◆ EXERCISE GOAL
From the data below, tally each line that has "Button" in it, then give that tally without comment.

*** INFORMATION Section Begins ***

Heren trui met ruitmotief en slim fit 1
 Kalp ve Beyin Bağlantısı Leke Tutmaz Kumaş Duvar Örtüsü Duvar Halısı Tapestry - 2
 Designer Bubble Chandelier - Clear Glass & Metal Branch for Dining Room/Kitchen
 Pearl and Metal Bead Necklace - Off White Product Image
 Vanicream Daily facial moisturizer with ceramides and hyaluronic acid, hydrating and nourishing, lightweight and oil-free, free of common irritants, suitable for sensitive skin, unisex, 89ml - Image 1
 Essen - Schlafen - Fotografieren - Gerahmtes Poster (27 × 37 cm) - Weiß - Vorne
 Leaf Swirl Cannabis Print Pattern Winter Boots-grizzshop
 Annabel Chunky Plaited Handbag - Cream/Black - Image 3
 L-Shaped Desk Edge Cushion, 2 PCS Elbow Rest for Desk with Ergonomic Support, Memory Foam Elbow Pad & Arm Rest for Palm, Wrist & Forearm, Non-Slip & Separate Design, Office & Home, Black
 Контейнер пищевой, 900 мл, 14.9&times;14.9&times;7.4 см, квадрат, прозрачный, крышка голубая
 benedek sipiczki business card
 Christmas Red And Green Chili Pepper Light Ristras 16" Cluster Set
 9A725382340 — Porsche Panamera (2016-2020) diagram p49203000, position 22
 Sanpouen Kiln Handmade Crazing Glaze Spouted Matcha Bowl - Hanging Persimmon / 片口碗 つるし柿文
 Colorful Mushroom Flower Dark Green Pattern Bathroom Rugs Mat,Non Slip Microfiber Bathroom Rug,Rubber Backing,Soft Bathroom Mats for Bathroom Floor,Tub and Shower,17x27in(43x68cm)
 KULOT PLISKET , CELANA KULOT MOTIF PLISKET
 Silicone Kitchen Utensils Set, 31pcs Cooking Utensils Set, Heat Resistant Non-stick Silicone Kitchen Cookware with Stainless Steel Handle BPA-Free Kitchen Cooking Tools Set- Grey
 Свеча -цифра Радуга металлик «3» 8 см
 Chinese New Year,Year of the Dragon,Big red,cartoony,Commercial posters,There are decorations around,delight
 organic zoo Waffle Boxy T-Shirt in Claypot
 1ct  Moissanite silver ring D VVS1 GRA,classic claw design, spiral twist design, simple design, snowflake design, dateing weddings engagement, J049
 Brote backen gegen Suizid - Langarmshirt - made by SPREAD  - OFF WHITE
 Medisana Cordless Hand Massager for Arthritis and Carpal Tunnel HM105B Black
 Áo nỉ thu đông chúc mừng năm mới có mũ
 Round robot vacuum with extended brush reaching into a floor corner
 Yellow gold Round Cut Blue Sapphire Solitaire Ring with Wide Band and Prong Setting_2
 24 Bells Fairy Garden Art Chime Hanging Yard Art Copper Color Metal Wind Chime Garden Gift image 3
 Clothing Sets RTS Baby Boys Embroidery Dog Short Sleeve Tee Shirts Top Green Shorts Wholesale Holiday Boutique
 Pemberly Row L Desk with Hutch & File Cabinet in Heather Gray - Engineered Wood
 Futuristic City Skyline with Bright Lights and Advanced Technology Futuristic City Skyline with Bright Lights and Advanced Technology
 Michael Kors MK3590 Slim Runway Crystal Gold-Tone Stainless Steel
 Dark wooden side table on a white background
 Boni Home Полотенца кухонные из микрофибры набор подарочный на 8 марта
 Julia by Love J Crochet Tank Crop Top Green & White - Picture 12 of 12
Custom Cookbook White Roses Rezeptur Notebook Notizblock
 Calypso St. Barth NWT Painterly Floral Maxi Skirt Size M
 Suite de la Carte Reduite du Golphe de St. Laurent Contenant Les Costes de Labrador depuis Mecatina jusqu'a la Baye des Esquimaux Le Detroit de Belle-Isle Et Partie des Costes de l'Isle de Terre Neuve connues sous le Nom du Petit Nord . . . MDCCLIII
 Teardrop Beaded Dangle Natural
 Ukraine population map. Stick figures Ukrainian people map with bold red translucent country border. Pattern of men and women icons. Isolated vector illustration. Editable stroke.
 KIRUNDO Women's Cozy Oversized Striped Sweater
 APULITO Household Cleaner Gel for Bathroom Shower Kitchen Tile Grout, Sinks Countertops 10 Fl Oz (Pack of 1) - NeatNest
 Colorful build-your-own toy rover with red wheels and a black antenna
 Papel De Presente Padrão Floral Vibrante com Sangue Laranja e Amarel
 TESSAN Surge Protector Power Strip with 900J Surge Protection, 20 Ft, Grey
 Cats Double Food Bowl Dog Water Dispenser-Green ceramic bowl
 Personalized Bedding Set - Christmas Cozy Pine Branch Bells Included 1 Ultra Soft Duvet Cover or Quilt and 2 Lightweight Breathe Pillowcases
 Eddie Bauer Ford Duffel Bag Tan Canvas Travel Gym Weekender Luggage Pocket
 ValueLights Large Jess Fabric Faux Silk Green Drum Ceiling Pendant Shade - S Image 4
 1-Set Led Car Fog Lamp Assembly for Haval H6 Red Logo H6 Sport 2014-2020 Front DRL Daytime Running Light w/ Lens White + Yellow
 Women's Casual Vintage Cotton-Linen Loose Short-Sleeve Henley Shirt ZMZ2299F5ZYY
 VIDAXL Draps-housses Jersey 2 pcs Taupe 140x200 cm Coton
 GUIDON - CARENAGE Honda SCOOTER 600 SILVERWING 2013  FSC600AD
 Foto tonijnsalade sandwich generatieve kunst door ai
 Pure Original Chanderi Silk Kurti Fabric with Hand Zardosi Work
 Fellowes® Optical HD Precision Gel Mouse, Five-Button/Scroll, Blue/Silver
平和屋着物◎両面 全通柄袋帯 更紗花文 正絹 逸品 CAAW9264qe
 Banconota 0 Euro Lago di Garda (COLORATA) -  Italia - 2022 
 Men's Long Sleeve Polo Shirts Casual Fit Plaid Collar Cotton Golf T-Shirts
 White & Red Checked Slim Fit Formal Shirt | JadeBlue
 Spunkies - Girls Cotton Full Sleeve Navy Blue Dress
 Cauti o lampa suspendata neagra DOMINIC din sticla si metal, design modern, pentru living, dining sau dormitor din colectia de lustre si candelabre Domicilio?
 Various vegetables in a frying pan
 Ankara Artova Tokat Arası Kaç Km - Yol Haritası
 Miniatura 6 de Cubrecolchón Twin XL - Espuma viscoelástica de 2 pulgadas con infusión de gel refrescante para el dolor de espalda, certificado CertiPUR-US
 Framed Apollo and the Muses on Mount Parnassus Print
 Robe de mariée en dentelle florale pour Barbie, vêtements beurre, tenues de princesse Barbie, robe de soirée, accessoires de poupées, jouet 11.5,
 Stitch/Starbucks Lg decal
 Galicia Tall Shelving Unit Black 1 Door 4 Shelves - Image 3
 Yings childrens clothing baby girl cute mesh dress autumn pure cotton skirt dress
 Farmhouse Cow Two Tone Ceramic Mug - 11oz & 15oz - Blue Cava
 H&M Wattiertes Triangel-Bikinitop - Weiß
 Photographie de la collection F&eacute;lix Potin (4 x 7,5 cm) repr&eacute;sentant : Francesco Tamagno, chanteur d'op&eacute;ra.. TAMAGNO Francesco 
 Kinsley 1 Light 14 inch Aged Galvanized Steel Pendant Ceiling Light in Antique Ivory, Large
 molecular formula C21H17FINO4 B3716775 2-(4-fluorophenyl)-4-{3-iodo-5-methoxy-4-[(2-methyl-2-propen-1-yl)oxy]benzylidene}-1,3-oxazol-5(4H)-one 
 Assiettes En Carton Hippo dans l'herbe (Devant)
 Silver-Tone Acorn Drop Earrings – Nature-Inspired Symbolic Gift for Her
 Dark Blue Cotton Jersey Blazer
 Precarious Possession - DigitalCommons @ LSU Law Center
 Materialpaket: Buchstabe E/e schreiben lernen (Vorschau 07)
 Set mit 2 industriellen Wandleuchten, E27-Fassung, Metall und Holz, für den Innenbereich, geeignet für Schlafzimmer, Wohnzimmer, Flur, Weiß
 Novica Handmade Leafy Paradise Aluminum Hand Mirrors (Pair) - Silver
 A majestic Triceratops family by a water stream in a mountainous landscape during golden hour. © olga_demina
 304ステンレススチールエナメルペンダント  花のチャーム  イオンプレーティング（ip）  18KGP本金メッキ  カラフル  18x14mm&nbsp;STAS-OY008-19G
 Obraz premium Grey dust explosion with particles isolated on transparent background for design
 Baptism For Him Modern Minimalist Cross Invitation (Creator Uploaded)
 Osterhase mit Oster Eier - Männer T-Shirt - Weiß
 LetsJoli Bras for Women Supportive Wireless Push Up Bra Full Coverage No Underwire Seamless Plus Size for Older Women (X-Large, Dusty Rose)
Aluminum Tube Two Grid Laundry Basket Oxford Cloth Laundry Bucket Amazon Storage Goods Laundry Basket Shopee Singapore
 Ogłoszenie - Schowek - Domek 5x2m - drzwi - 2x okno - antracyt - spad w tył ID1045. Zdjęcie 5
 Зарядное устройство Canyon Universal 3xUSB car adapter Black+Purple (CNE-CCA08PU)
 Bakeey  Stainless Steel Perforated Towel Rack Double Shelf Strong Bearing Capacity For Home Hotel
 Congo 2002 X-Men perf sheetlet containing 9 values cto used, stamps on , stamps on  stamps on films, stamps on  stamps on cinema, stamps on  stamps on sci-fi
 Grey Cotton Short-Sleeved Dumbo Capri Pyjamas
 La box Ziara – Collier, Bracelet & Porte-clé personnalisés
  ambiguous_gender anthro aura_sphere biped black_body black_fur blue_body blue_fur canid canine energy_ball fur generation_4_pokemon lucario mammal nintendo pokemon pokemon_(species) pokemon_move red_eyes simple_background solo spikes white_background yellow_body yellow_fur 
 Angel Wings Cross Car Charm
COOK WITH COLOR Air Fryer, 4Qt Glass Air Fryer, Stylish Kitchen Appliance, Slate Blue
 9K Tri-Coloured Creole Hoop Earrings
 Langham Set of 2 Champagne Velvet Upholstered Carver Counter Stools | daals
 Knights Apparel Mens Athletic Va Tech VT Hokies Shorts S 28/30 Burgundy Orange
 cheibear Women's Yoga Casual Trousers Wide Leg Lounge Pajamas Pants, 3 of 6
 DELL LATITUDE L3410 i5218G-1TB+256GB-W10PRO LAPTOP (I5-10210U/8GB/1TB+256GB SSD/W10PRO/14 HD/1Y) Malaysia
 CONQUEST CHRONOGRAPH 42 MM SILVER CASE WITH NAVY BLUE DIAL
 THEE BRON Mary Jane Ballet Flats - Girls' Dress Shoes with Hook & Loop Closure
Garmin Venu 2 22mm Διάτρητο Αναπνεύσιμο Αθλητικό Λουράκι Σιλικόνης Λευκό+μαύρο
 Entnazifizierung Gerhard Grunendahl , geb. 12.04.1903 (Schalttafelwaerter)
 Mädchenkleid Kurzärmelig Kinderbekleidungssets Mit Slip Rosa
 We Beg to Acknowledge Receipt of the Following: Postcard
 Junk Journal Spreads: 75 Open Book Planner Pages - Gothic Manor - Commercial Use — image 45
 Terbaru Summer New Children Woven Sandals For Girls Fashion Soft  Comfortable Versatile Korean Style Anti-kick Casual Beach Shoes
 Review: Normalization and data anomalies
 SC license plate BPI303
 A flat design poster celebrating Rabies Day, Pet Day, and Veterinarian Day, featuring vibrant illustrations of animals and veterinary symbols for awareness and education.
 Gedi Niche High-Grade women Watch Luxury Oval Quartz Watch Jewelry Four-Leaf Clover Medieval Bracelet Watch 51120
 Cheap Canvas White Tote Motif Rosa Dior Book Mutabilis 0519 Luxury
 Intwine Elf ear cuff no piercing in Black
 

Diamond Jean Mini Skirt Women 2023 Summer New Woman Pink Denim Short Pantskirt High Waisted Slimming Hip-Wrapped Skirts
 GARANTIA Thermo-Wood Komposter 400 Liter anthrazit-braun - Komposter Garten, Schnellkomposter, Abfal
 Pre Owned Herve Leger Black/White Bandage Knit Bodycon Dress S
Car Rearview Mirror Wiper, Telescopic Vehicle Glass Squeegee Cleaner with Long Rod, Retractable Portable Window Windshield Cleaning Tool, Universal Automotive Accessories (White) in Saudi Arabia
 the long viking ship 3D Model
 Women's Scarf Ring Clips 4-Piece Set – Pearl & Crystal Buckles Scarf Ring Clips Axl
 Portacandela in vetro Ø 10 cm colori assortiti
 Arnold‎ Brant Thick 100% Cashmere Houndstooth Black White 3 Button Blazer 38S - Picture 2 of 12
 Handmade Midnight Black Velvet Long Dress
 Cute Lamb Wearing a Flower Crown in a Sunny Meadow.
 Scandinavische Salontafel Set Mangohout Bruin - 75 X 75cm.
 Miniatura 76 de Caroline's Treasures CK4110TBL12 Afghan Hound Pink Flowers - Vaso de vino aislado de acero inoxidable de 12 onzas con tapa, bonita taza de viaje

*** INFORMATION Section Ends ***

◆ ANSWER TO THIS TASK
2